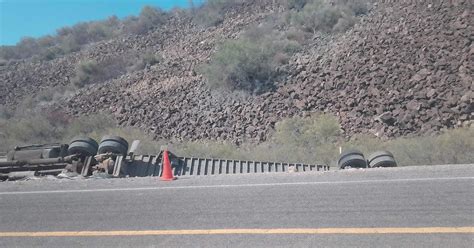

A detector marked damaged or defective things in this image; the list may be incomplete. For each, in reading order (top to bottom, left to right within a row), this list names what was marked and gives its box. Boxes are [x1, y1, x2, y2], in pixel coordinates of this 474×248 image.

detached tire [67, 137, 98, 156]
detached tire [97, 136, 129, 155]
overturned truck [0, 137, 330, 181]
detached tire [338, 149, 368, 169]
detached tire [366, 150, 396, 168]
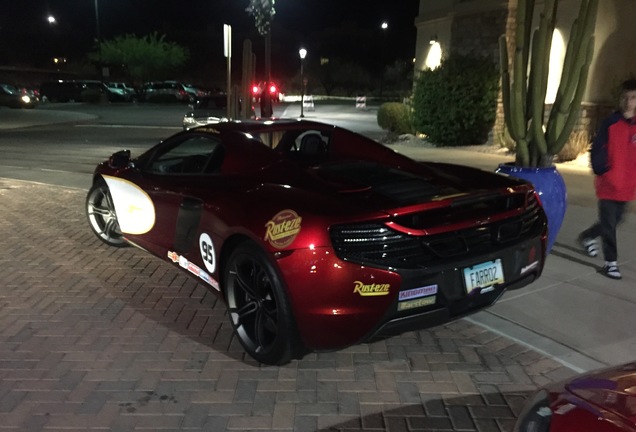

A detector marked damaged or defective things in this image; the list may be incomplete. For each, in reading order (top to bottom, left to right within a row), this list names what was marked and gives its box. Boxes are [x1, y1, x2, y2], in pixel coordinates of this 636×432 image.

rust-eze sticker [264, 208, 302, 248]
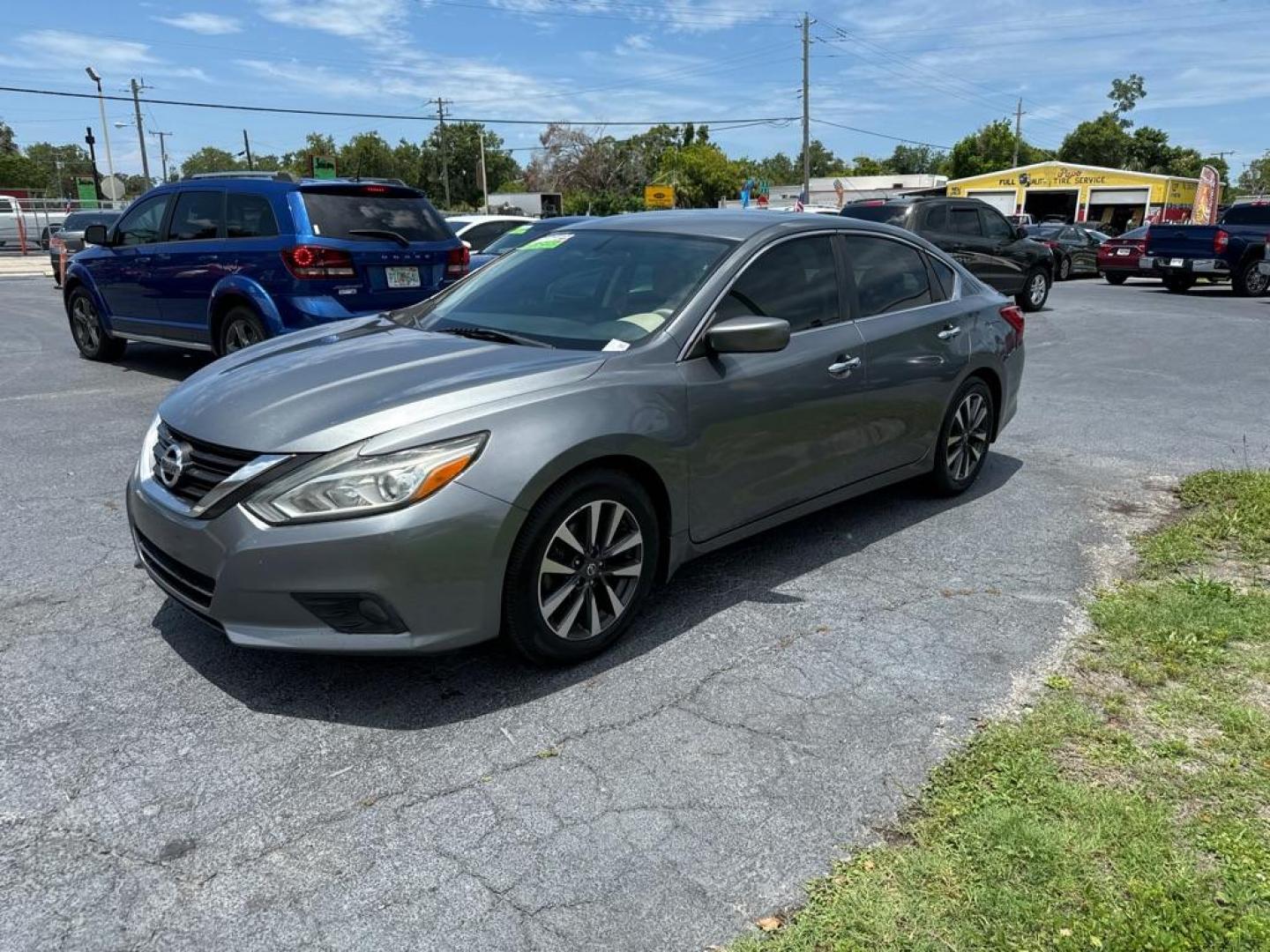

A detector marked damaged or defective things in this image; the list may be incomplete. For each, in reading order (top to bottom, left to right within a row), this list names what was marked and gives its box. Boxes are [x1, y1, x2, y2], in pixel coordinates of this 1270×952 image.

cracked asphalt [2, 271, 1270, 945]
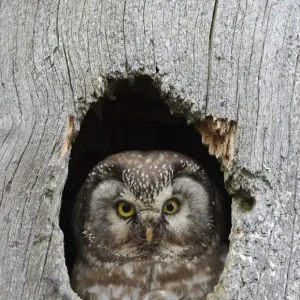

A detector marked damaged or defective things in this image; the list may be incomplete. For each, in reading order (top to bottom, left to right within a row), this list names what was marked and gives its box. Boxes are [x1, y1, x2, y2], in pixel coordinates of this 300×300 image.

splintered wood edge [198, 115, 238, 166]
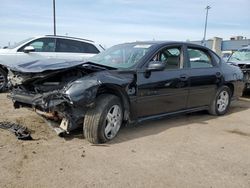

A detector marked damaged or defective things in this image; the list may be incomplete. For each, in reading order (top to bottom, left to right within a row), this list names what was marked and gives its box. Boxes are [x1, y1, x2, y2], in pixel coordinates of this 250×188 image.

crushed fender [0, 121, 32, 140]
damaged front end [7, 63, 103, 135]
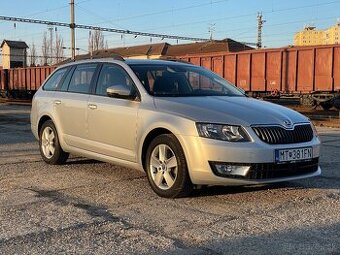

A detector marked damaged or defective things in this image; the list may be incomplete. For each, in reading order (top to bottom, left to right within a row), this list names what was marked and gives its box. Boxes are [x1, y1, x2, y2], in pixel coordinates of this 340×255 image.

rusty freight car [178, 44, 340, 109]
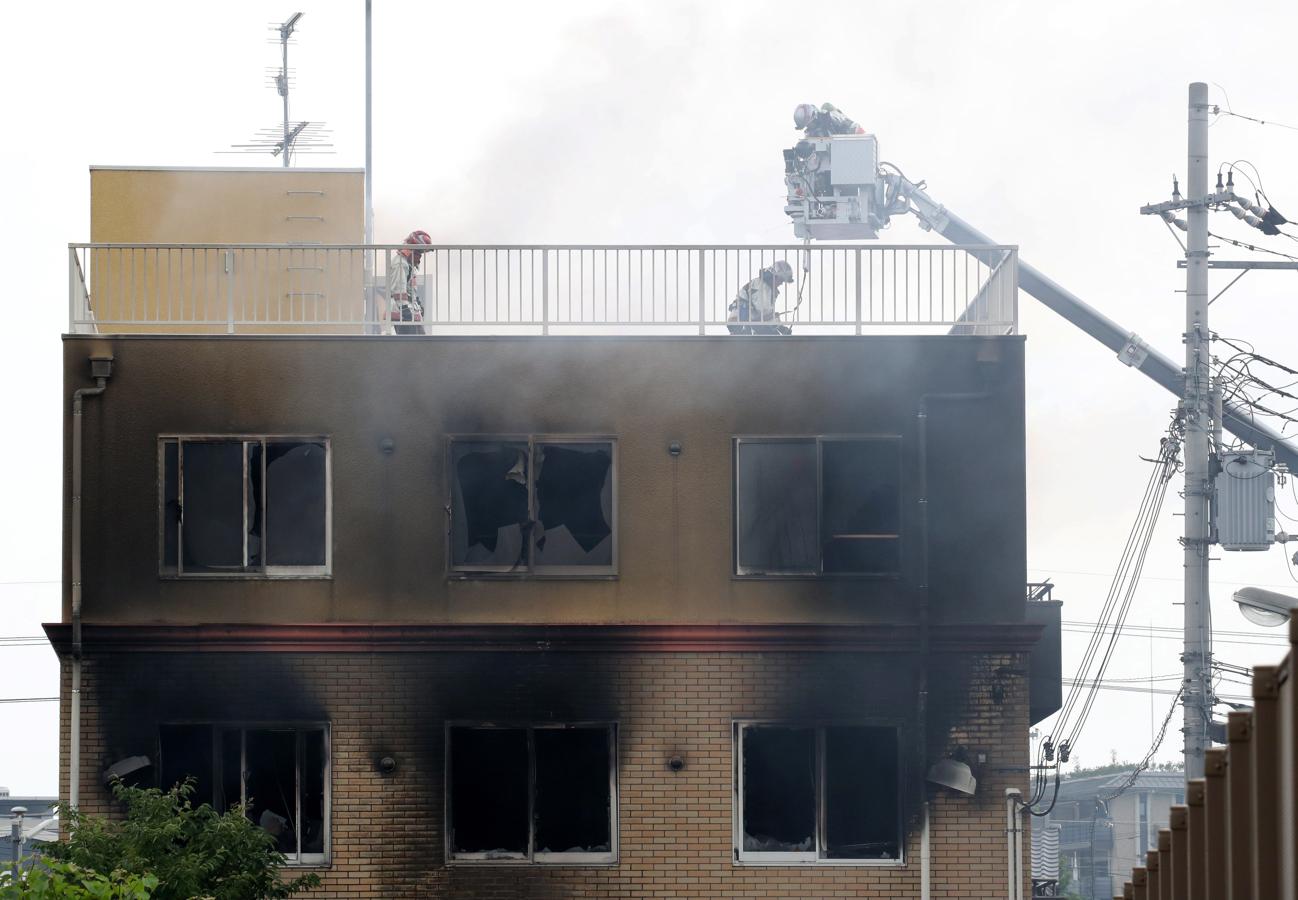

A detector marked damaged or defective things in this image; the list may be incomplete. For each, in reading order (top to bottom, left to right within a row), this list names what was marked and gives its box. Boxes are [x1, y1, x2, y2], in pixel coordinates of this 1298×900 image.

####################

• [What you should do]: Pictures are to be left out when the entries above are repeated exactly.

• [Result of the task]:
A detector marked damaged or defective things in this image; the list may be incomplete. For each, in reading order (top to bottom, left to right within a row), this list names what was marked and gives its box. Boxes are [x1, y1, x2, y2], in pixel coordinates of this 474×248 image.

detached tire [67, 137, 98, 156]
detached tire [97, 136, 129, 155]
overturned truck [0, 137, 330, 181]
detached tire [338, 149, 368, 169]
detached tire [366, 150, 396, 168]

A detector marked damaged or defective things in this image; the list may be incomplete. For each, in reading order (top to bottom, left to right within a row), this list names what was marked and gives its box. Boxes are [x1, y1, x2, y2], in pixel coordinates of this 636×432 image.

rust-eze sticker [264, 208, 302, 248]

A detector marked damaged or defective things in this image; the list may be incomplete. For each, in reading order (top to bottom, left to right within a row), this list names what was marked and gives its box. Boxes are [x1, y1, x2, y2], in pixel coordinates of this 1270×952 image.

cracked asphalt [2, 271, 1270, 945]

A detector marked damaged or defective things in this image; the list may be incomplete. For each, in reading order (top to bottom, left to right within a row), this list names what was marked and gives its box. Boxes are [x1, y1, x2, y2], in pixel coordinates of this 300×300 image.

splintered wood edge [198, 115, 238, 166]

A detector marked damaged or defective things in this image; the list may be incomplete. For each, in reading order (top to bottom, left to right within a row), this list names what was marked and gives its box. Boxes are [x1, y1, x2, y2], in pixel coordinates of this 250×188 image.

crushed fender [0, 121, 32, 140]
damaged front end [7, 63, 103, 135]

A detector marked damaged or defective things in this image; the list may be incomplete. For each, in reading order (top to bottom, left to right within a row), this list names what was marked and gives its box. Boxes are [x1, y1, x2, y2], in pixel coordinates of this 340×255 image.

rusty freight car [178, 44, 340, 109]

A detector marked damaged or defective things in this image; the list may be incomplete. For each, in reading order (top to bottom, left to right within a row), this list names what was marked and gives its box. Boxes are [x1, y1, x2, y2], in pixel coordinates of this 1298×900 image.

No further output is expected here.